From the Editor

In this month’s feature article, Michael Knights illuminates the nexus between Iraq’s oil sector and the Iran threat network. He writes: “The Iran threat network suffered grievous blows in Lebanon, Syria, Gaza, and Iran itself in 2024, and this has arguably made oil-rich Iraq even more important to the network. Facing renewed maximum pressure from the United States, Iran needs not only Iraq’s terrorist fundraising potential but also its value as a ‘laundromat’ through which Iranian energy products can be fraudulently relabeled as Iraqi exports. Using their control of the al-Sudani government, Iran-backed terrorist groups and militias are developing significant new strands of threat financing using Iraq’s oil sector, which combine to provide billions of dollars of illicit value each year.
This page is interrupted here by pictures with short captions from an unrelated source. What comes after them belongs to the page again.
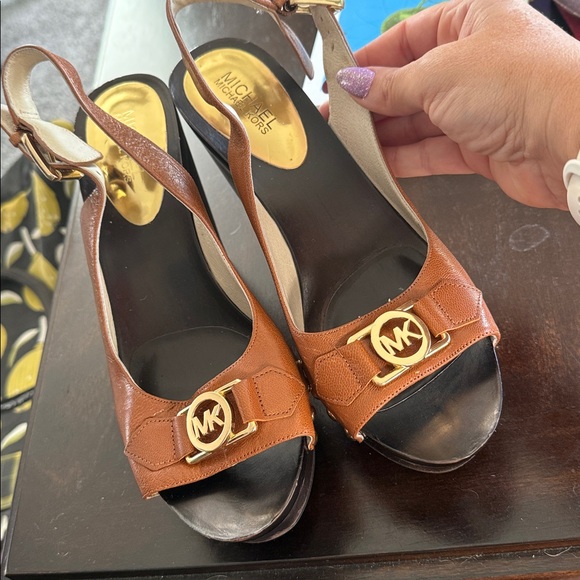 Michael Kors Tan Leather Slingback Sandals Heels Gold Designer sz 9 shoes brown - Picture 1 of 7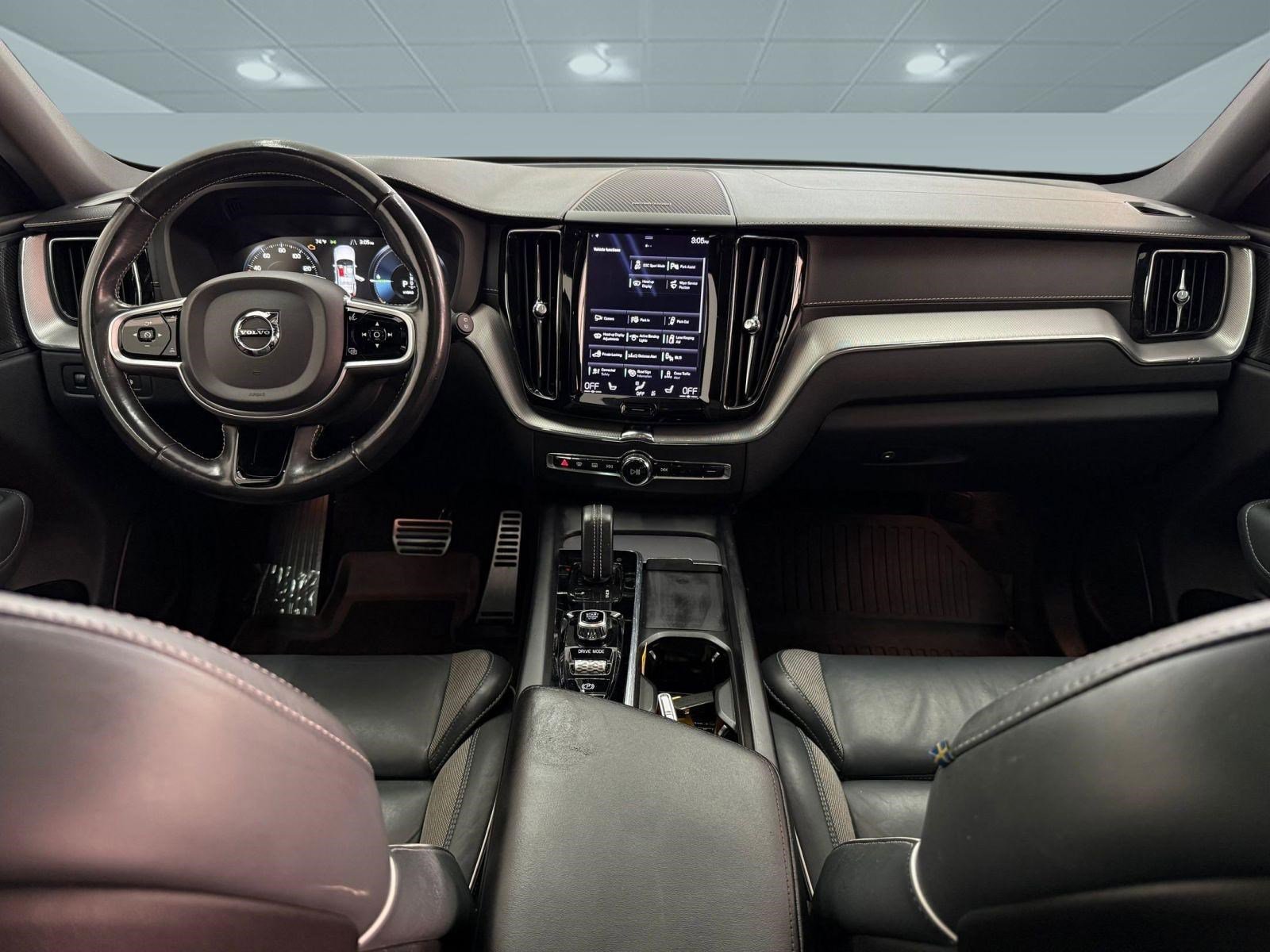 Used 2021 Volvo XC60 T8 R-Design w/ Advanced Package AWD/4WD image 14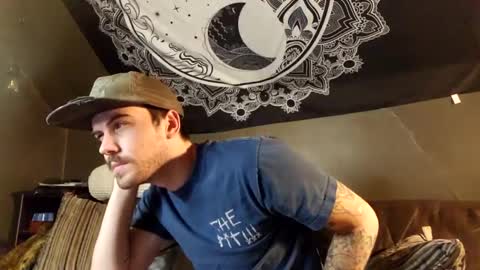 Snapshot of cum_addict69 chatting on January 2025 01:39:02 AM cum_addict69 online show from January 2025 01:39:02 AM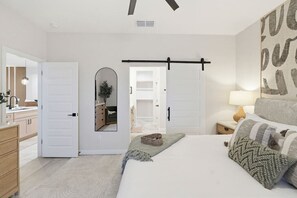 3 bedrooms, desk, iron/ironing board, travel cot - Luxury Casa Encantada | Pool, Game Room, Gym | Sleeps 14 (Lake Havasu City)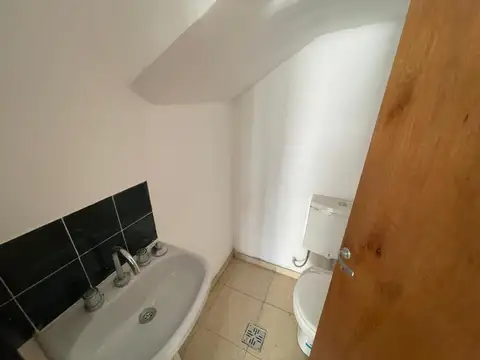 Casa en Alquiler en Castelar, $ 650.000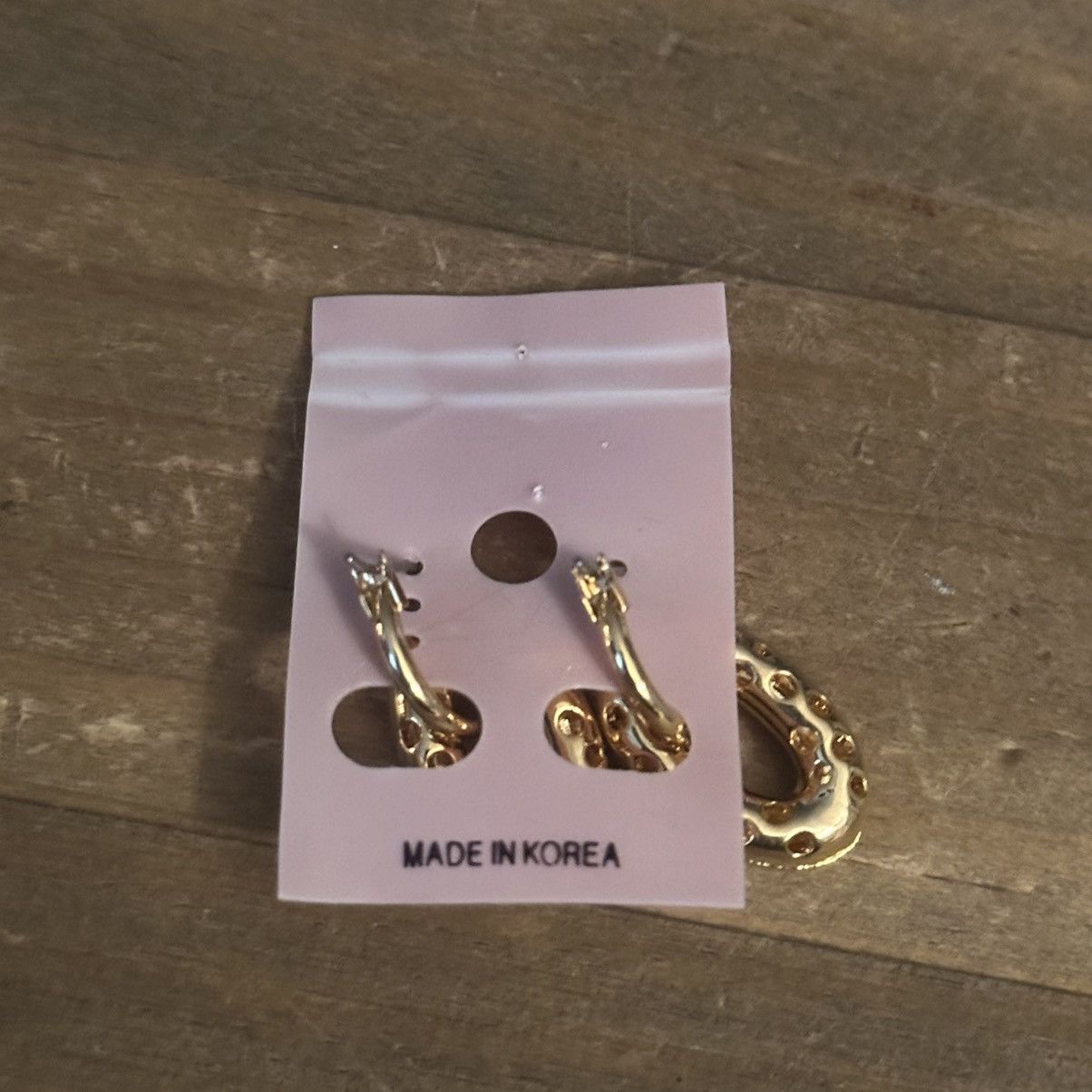 Other Gold tone paved oval dangle earrings Size ONE SIZE - 4 Thumbnail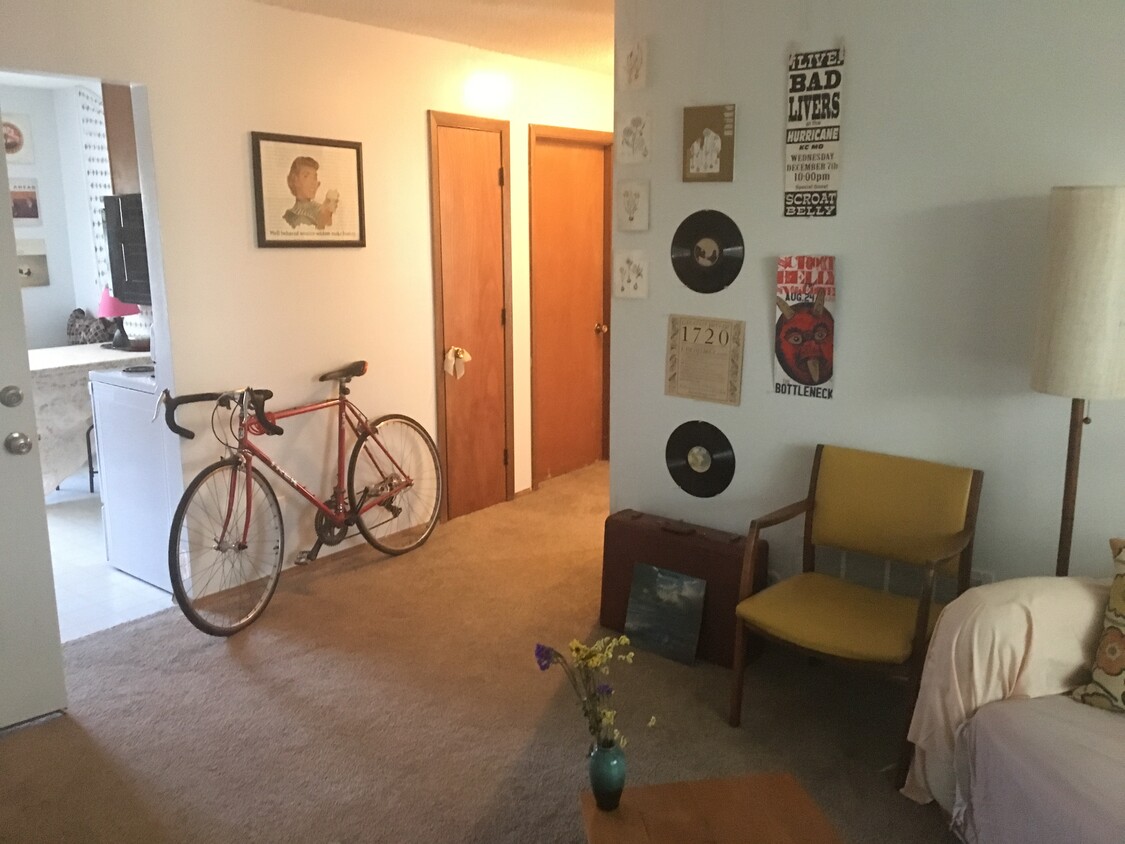 Primary Photo - 858 Highland Dr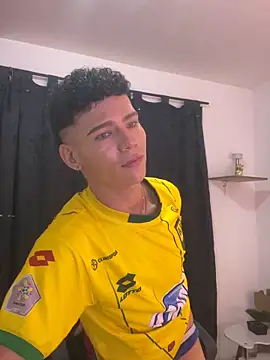 sebascuterouss Webcam show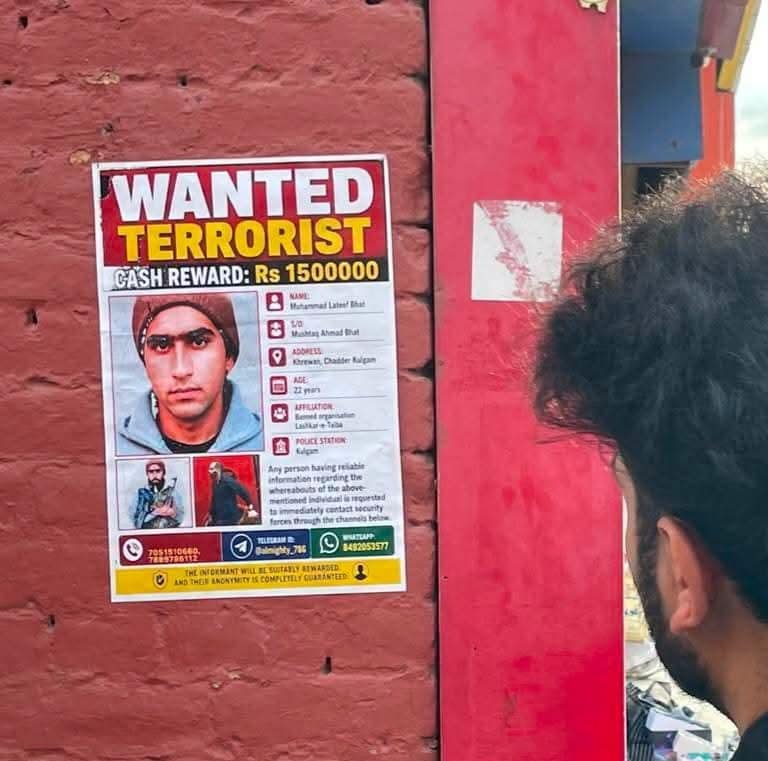 कुलगाम में आतंकियों पर कसा शिकंजा पूरे शहर में चस्पा हुए पोस्टर आतंकी लतीफ पर 15 लाख का इनाम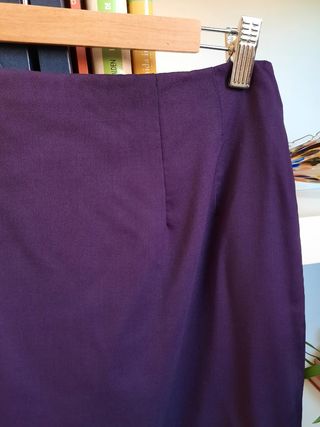 Falda morada de Aquascutum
Iraq is thus emerging as Iran’s best bet for neutering the Trump administration’s renewed maximum pressure campaign.” He notes that “U.S.-designated foreign terrorist organizations are no longer content to steal oil, only to have smuggling businessmen realize most of the profits. Instead, terrorist organizations have muscled into this value-addition segment of the oil market in recent years, with AAH [Asaib Ahl al-Haq] and KH [Kataib Hezbollah] leading the pack.”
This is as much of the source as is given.